Die Vereinbarung zwischen ENGIE und European Energy legt den Rahmen für die weitere Zusammenarbeit in den kommenden Projektphasen fest, darunter technische Studien sowie Arbeiten zur Wasserstofflogistik. ENGIE sichert sich im Rahmen der Kooperation Vermarktungsrechte für mehr als 20.000 Tonnen erneuerbaren Wasserstoffs pro Jahr. Das Projekt spiegelt die zunehmende Reife des europäischen Wasserstoffmarktes wider, in dem sich erneuerbare Stromerzeugung, Infrastruktur und Nachfrage immer stärker parallel entwickeln werden. Der geplante kommerzielle Betrieb orientiert sich an der Inbetriebnahme der dänischen Wasserstoffinfrastruktur ab etwa 2030.

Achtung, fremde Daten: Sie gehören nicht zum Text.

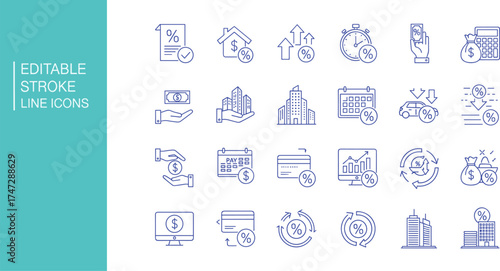 Vector collection of line icons representing business concepts like financial auditing, tax regulation, and legal compliance analysis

„Wir freuen uns sehr, die Zusammenarbeit mit European Energy zu starten. Unsere beiden Unternehmen ergänzen sich sowohl geografisch als auch entlang der Strom- und Wasserstoff-Wertschöpfungskette sehr gut. Als wichtiger Akteur in Europa im Gas- und Stromgeschäft will ENGIE ihre Kunden bei der Dekarbonisierung unterstützen und ihnen wettbewerbsfähige Angebote für erneuerbaren und CO2-armen Wasserstoff machen. Das gemeinsam mit European Energy, einem Wegbereiter bei der großskaligen Produktion von erneuerbarem Wasserstoff, entwickelte Kassø-Projekt wird uns dabei helfen, unser Angebot für Kundinnen und Kunden in Deutschland ab etwa 2030 weiter auszubauen“, sagt Henri Domenach, Managing Director Energy Management bei ENGIE.

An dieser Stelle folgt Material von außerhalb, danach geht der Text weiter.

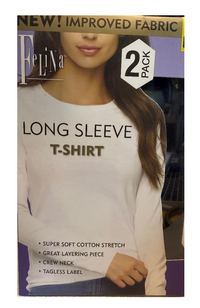 Felina Women's Long Sleeve Layering Crew Neck T-Shirts (2-pack)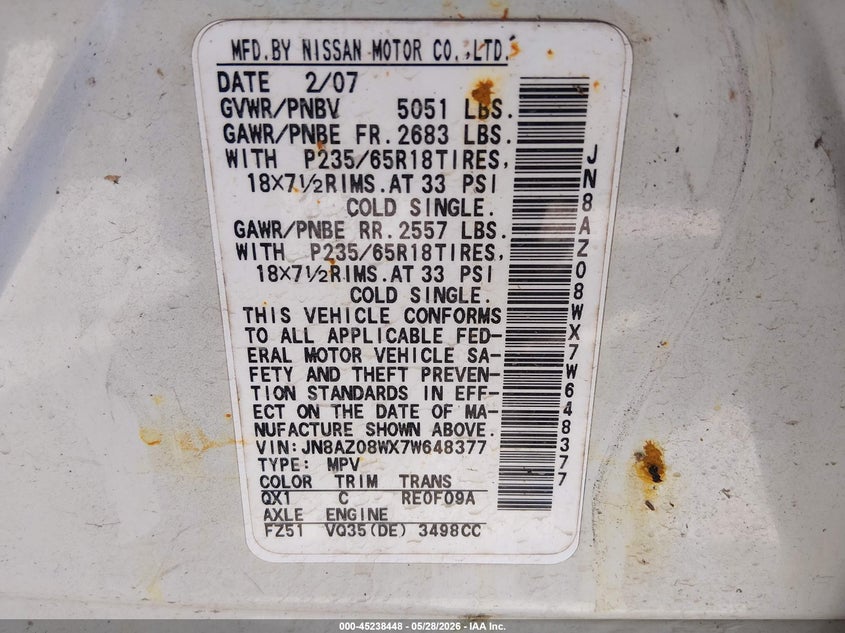 2007 Nissan Murano VIN JN8AZ08WX7W648377 IAAI salvage auction — LEFT & RIGHT, Salvage (Texas), sold $25 on 2026-07-14 (photo 9)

„Wir sind erfreut über die Zusammenarbeit mit ENGIE bei diesem nächsten Schritt in der Entwicklung von grünem Wasserstoff. Das Projekt wird eine wichtige Rolle dabei spielen, erneuerbare Energieerzeugung mit der Dekarbonisierung der Industrie in Europa zu verbinden. Mit unserer Erfahrung aus der bestehenden Kassø-Anlage und der Produktion grüner Kraftstoffe sehen wir uns gut aufgestellt, um ein wegweisendes Projekt umzusetzen. Mit der umfassenden Expertise von ENGIE bei der Verknüpfung von Erzeugung und Nachfrage wird diese Partnerschaft für beide Seiten Mehrwert schaffen“, sagt Rene Alcaraz Frederiksen, EVP und Head of Power-to-X bei European Energy.